RECORDS SUPPLIED:

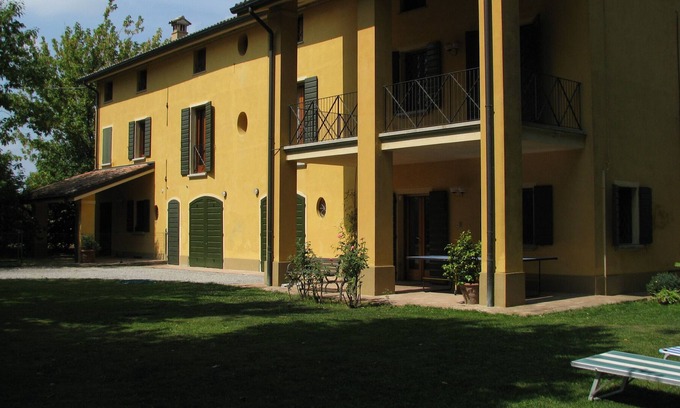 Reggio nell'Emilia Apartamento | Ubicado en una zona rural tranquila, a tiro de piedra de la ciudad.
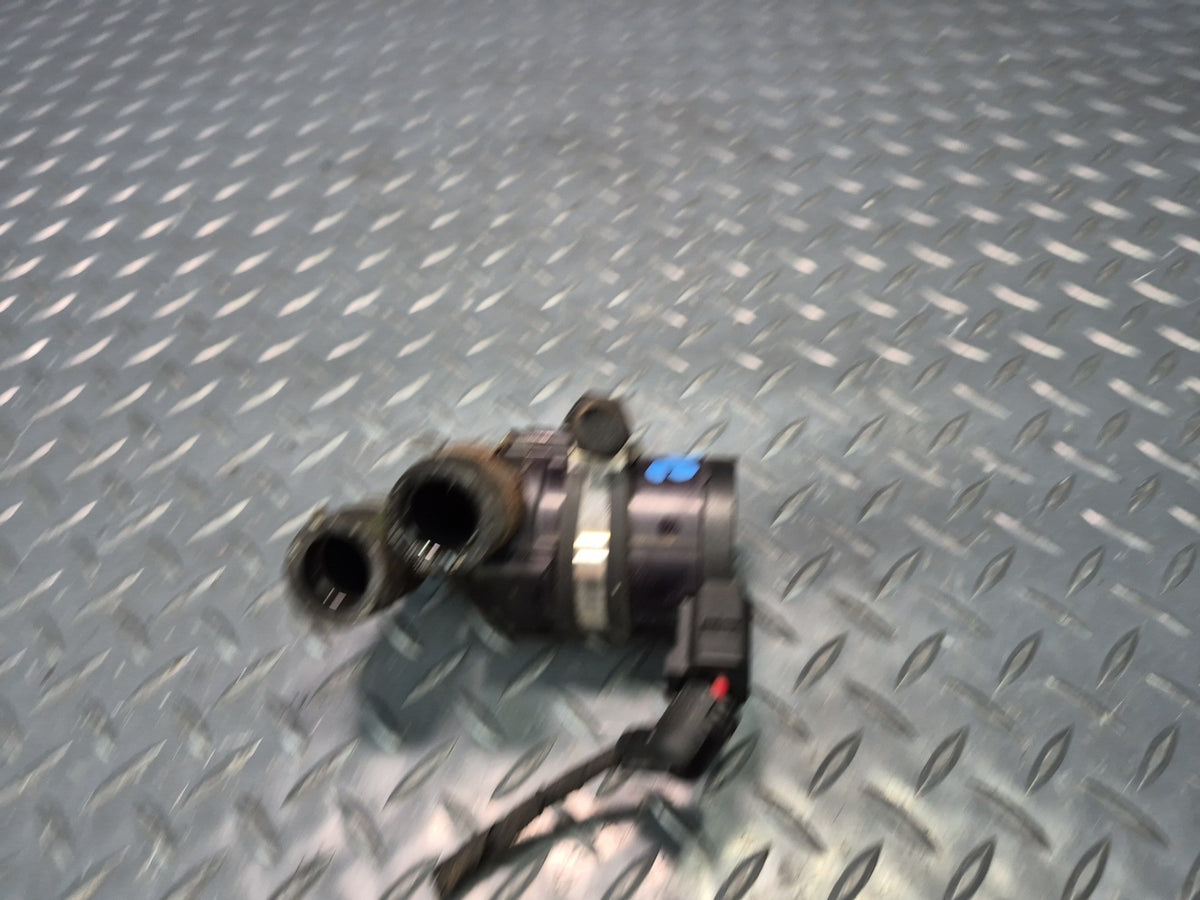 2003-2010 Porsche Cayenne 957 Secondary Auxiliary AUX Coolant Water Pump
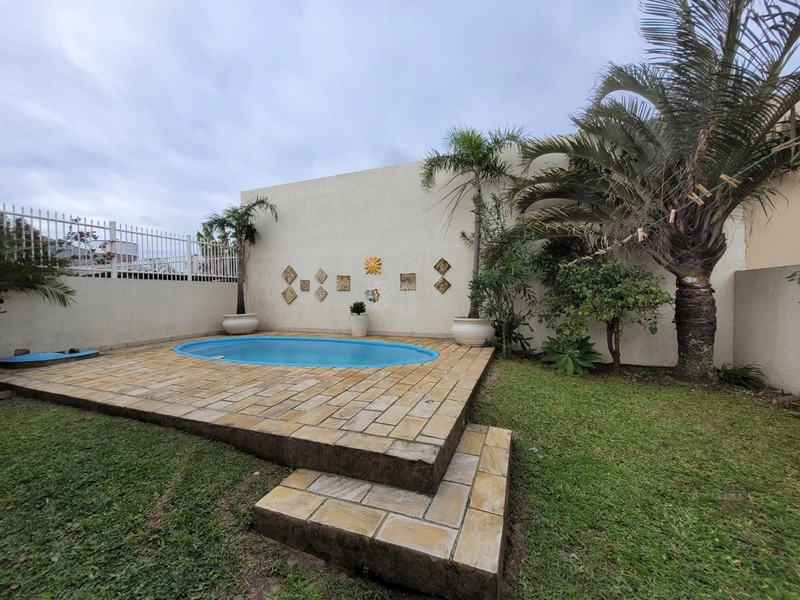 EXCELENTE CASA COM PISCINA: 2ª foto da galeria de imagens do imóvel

==

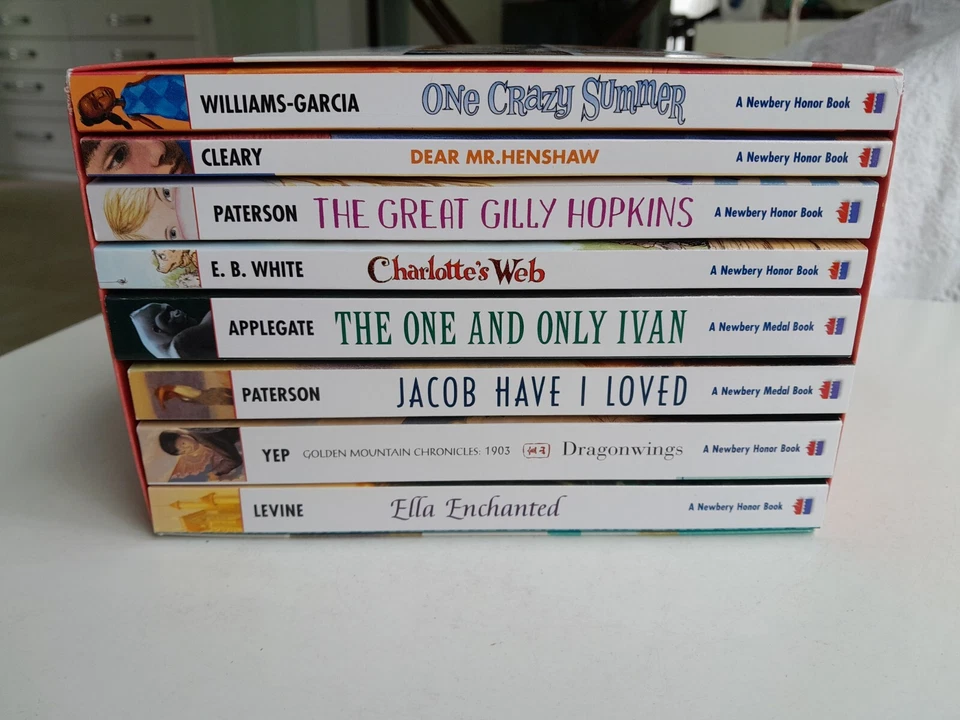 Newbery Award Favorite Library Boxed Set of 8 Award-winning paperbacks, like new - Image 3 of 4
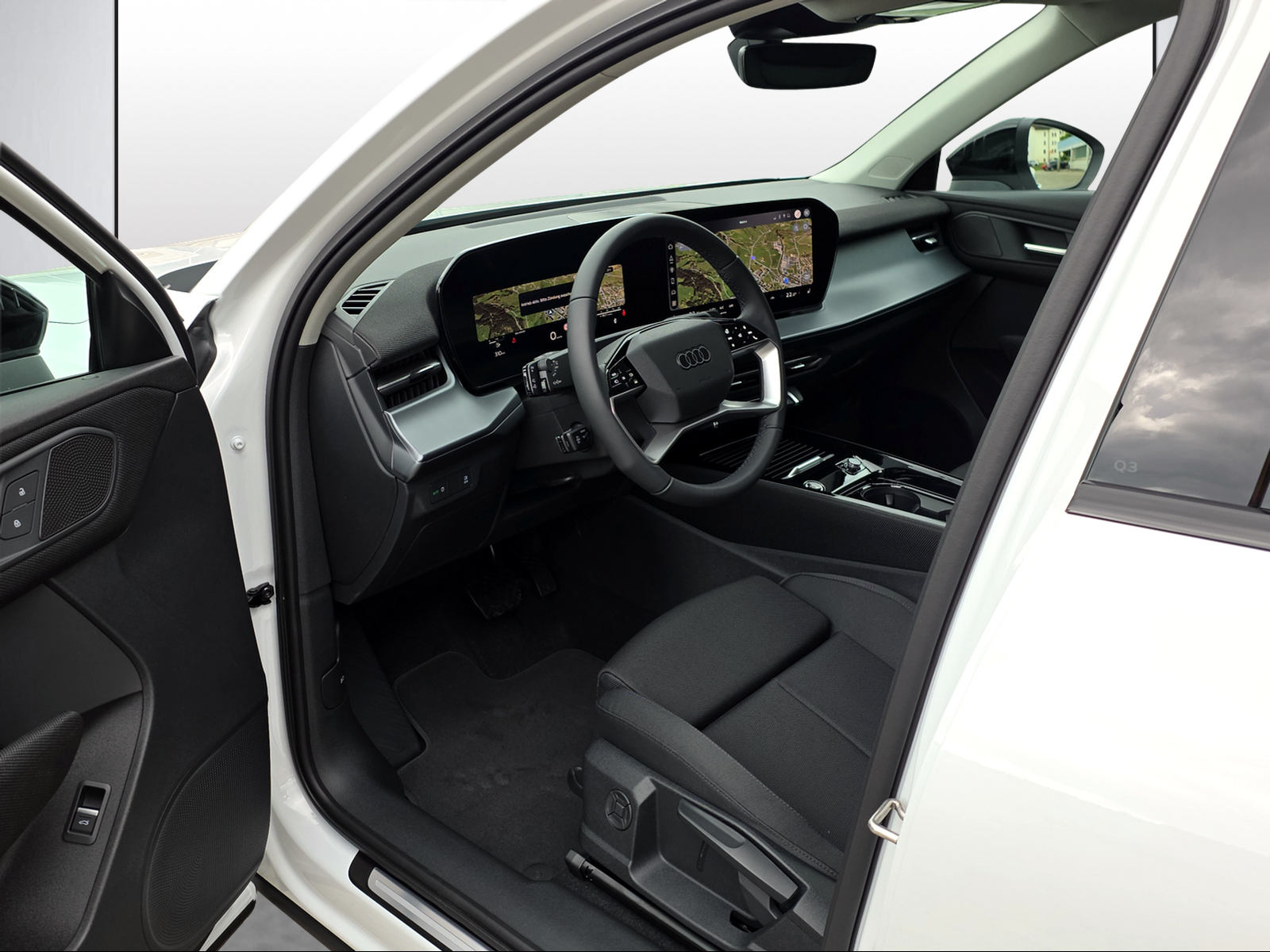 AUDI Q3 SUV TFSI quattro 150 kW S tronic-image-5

DIRECTIONS:
Above this task is a listing with pictures in it. Retype only the lines from the one containing "Newbery Award Favorite" through the one containing "AUDI Q3 SUV", both included, and not the pictures.

TASK ANSWER:
 Newbery Award Favorite Library Boxed Set of 8 Award-winning paperbacks, like new - Image 3 of 4
 AUDI Q3 SUV TFSI quattro 150 kW S tronic-image-5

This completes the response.